Good luck for today with your son coming home


----------



## superal (May 27, 2005)

I hope today has been a very lovely day for you all.

I'm sure it s been a very emotional day and we all can't wait to hear how things are going.

Mrs Cheese it would be great to hear form you if you ever feel like chatting to us all, not as though its not nice talking to Mr Cheese!!!   

Love
Andrea
x


----------



## saphy75 (Mar 15, 2004)

i hope today has been a lovely day, although filled with such emotion i'm sure.

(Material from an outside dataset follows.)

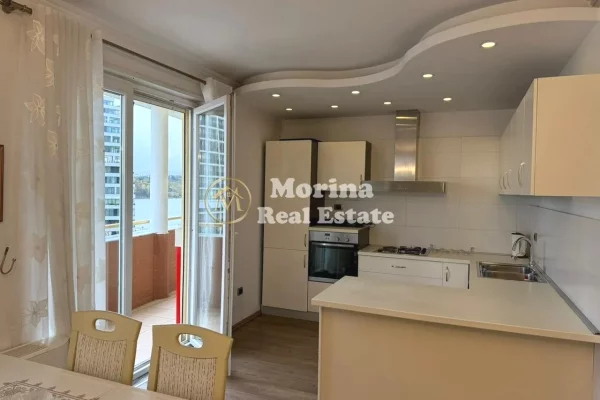 Shtepi me qera Apartament ne Tirane, 3+1, Mobilimi E mobiluar, Pagesa 900  Euro.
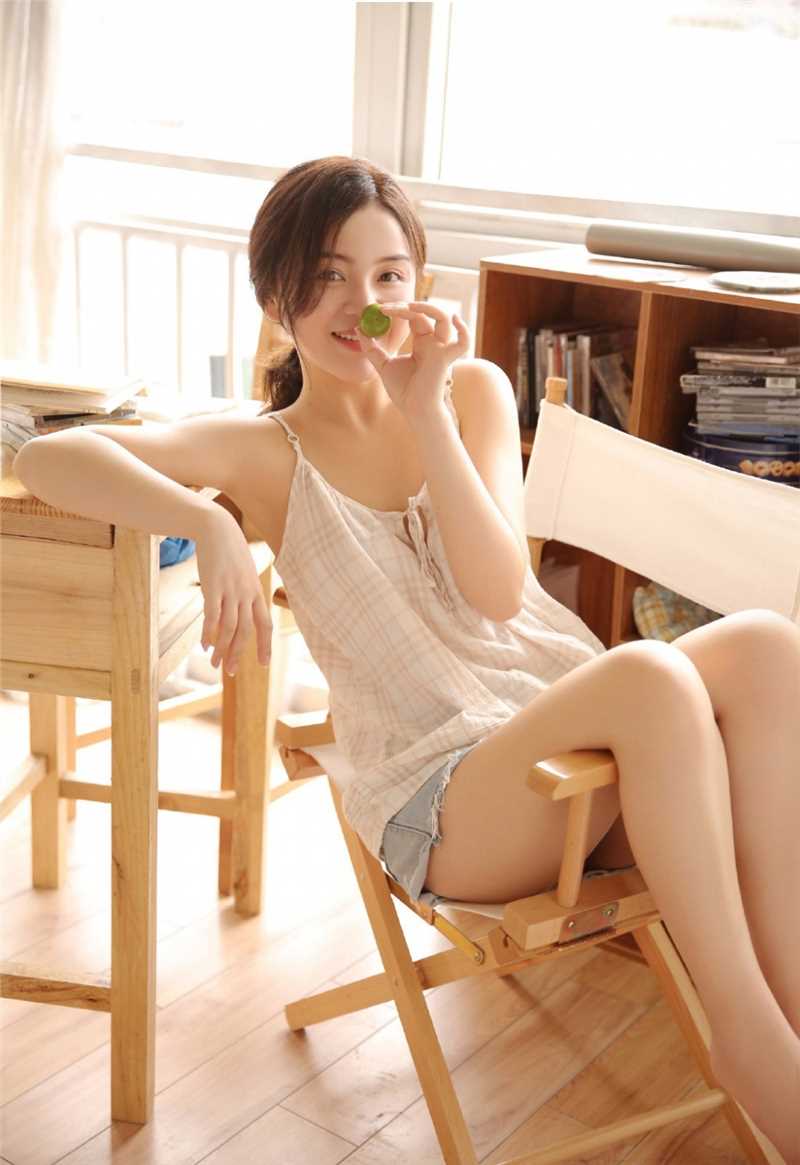 最新教室校园美女吊带漂亮清纯图片图集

Starts to finally sink in now and feel so real at last doesn't it   (well i know that's how we felt on moving in day) 

congratulations to you all 

pam xx


----------



## crazybabe (Apr 24, 2007)

Hi Me & Mrs Cheese

I hope today has been a very special day for you, hopse your first day and evening of parenting goes well.

Can't wait to hear how it went

Lots of hugs    ^pompo

crazybabe


----------



## Cheshire Cheese (Apr 19, 2005)

Hi all,

Well babybel is now home and it has been a bit of a day really, a day of 2 halfs really.

Very sad this morning, but we took him swimming this afternoon and he loved it to bits (we both thought it would be great for bonding), we had lots of giggles and laughter. Nothing seems to phase this little man always happy.

So we now feel like the Cheese Family, with a house full of laughter and fun.

Our dreams have come true!!


----------



## superal (May 27, 2005)

Jon & Debs

Every time i read your mesages they fill me up with tears of joy! 

I am so happy for you both .......three of you now, a happy family and a happy time a head for you all.

Enjoy every minute they grow up so fast, i should know!!

Love
Andrea
x


----------



## NuttyJo (Jun 29, 2007)

Mr & Mrs Cheese, im so pleased to hear babybel is home finally with you both. 

Glad the swimming went well and hope the rest of the day was ok for you all  

Jo xxx

p.s... poor little boy looking like his daddy


----------



## Sue MJ (May 4, 2002)

Oh Wow, congratulations Mr & Mrs Cheese on becoming the proud parents of babybel!

Truely so happy for you all - sounds like you are all settling down very quickly and very well to family life.

Love,

Sue xxx


----------



## Cotswold Girl (Nov 16, 2006)

Mr and Mrs Cheese - what a wonderful start to your life as parents. So very happy for you. 

CG xxxx


----------



## Camly (Dec 12, 2006)

congrats to the cheeses!!! 

i have tears in my eyes reading your posts - tears of joy may i add!    great news. so very happy for you all. keep us all posted.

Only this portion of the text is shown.